The Trojan Horse of Huawei

Huawei, the Chinese owned telecommunications equipment manufacturer that provides Telus and Bell with LTE towers, is finding itself coming under a barrage of scrutiny in Australia and the United States over cyber security fears.

Huawei and Telus inked a deal in February. In late March the Australian government blocked Huawei from bidding on contracts for the country’s new national broadband network, a $38-billion megaproject, citing security concerns.

The office of Australia’s Attorney General told Bloomberg News “[the government] has a responsibility to do our utmost to protect its integrity and that of the information carried on it.”

Speaking to The Diplomat, Australian National University strategic and defence studies professor Desmond Ball says there is “no doubt” Huawei is involved in cyber espionage. Paul Buchannan, a former professor at the National University of Singapore turned security analyst, shares this sentiment, telling The Diplomat “the notion that Huawei is truly independent of the Chinese government is ludicrous.”

Some of these concerns stem from the CEO of Huawei, Ren Zhengfei’s, involvement in the People’s Liberation Army and Communist Party of China. Ren served in the Engineering Corps of the P.L.A, retiring in 1982. In 1978 he joined the Communist Party of China, later becoming a member of the party’s national congress.

Huawei has had a turbulent experience in the United States: in 2008 Congress blocked the company’s planned takeover of 3Com citing national security concerns, then further banned the company from selling equipment to any U.S carrier after blocking a sale to Sprint. In late 2011 The Wall Street Journal reported that Huawei was the biggest provider of telecommunications equipment and web filtering technology to the Iranian government, though Huawei voraciously denies the latter charge.

While Australian and American lawmakers are concerned about Huawei’s potential threats to their respective countries national security, some are concerned about the company’s business ethics. As reported by the National Post and The Wall Street Journal, Mike Shields, a former high-ranking network security advisor at Nortel, believes that the hackers who had free reign in Nortel’s systems for nearly a decade in the 2000s were under the employ of Huawei. It is alleged that Huawei mined the systems of Nortel for trade secrets.

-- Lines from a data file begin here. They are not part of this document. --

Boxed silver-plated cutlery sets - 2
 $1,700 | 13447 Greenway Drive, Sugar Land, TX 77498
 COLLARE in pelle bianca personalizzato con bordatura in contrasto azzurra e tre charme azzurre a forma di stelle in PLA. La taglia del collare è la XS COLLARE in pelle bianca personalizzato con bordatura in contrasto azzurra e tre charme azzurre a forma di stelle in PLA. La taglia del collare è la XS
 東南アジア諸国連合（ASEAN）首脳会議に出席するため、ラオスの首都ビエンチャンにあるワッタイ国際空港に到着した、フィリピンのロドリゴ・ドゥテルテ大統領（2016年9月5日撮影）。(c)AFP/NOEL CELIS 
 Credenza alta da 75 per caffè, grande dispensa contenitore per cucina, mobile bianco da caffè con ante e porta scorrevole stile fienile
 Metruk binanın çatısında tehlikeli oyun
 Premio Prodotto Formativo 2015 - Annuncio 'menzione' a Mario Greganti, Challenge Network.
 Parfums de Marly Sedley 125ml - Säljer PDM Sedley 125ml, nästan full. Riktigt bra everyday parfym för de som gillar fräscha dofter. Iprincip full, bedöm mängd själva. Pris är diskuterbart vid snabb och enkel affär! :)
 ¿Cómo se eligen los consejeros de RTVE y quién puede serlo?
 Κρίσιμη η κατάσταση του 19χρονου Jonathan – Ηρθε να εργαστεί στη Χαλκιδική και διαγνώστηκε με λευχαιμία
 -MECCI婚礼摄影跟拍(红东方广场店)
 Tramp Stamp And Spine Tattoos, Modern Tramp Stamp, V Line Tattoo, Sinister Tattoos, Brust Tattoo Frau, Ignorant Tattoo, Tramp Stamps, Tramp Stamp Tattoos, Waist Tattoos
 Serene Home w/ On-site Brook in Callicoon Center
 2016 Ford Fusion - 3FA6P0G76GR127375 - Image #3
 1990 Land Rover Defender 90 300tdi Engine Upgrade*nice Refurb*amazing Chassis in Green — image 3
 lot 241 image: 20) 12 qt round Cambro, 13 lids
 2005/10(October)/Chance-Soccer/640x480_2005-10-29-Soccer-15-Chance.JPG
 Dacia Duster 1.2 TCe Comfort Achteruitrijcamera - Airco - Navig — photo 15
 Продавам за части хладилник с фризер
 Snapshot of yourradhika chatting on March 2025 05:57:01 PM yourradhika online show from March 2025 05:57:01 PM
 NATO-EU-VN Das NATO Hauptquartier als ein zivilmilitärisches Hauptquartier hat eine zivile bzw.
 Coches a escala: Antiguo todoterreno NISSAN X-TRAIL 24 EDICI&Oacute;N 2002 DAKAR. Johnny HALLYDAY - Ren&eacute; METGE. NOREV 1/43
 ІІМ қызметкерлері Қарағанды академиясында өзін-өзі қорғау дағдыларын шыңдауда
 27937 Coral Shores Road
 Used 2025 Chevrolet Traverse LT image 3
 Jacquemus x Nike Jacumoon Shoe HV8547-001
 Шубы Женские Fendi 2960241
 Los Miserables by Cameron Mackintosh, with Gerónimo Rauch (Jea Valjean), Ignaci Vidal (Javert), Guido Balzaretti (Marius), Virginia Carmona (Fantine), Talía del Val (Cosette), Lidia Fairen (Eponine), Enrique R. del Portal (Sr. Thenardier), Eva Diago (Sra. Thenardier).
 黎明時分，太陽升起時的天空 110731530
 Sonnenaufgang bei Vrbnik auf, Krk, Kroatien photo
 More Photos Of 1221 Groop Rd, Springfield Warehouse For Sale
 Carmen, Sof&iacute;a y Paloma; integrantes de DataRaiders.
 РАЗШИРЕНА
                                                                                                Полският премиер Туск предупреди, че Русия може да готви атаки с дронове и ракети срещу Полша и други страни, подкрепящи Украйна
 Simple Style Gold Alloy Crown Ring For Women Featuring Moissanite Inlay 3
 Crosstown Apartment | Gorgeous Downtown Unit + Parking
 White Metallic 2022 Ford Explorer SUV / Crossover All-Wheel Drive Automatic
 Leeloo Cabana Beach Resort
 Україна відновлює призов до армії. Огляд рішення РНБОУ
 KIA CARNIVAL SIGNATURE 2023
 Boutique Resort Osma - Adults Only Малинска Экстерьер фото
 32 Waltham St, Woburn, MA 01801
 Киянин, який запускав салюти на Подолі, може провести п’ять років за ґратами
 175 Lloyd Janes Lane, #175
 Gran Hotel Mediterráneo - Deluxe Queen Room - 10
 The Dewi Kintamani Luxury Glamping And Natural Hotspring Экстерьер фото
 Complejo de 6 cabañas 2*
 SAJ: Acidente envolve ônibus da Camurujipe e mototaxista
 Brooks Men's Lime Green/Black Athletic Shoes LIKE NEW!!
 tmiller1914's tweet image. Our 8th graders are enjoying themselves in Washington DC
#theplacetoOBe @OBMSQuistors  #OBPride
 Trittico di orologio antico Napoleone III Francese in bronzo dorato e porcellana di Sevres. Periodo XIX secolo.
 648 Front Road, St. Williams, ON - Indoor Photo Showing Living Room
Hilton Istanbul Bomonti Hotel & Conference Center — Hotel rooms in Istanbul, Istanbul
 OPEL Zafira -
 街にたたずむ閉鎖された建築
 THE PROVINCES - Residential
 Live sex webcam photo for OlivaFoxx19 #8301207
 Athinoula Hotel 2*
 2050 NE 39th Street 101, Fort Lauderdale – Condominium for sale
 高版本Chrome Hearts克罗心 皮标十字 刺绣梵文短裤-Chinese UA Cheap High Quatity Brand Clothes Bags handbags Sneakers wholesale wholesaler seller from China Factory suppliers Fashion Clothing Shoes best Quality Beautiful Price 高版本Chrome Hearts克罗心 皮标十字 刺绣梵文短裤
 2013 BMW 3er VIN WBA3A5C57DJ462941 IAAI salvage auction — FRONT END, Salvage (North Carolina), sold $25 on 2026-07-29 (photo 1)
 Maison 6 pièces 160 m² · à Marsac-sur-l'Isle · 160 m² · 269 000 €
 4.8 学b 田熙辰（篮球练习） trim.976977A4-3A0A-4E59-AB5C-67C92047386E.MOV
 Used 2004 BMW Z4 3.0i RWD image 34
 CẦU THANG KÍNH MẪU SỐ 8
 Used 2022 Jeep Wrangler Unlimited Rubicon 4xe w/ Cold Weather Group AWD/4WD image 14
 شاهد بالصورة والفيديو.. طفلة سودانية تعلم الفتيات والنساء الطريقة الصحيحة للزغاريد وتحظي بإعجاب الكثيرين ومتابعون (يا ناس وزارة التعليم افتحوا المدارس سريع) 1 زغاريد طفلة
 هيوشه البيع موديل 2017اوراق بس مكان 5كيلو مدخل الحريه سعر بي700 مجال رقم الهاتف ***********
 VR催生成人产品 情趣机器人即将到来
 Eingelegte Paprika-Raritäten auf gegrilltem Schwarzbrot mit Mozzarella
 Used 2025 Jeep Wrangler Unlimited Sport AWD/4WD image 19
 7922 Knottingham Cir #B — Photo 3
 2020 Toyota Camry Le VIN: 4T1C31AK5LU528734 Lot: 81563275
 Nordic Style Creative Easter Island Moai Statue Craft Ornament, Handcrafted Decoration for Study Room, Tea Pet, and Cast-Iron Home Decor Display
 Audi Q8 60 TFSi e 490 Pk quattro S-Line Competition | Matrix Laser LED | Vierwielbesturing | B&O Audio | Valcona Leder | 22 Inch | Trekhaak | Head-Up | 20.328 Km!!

The CEO of Huawei competitor Cisco Systems has also alleged the company engages in less than ethical behavior. John Chambers, Cisco’s CEO, said to The Wall Street Journal that Huawei is Cisco’s “toughest rival” and the company doesn’t always “play by the rules.”

Chambers did not cite any specific actions by Huawei when he spoke to The Wall Street Journal.

However, some say the fears of Huawei acting as a Trojan horse are overblown. Kevin Taylor, managing director of BT Asia-Pacific, said to The Australian that Huawei presents “no risk” to the west and BT’s experience with Huawei has been “positive and safe.”

“There’s a huge amount of protectionism against Chinese companies,” Taylor said. “But we took (Huawei) into the UK and we’ve passed all the security provisions. We know exactly what’s in that network, and we’ve got rigid quality assurance to ensure there’s no security risks.”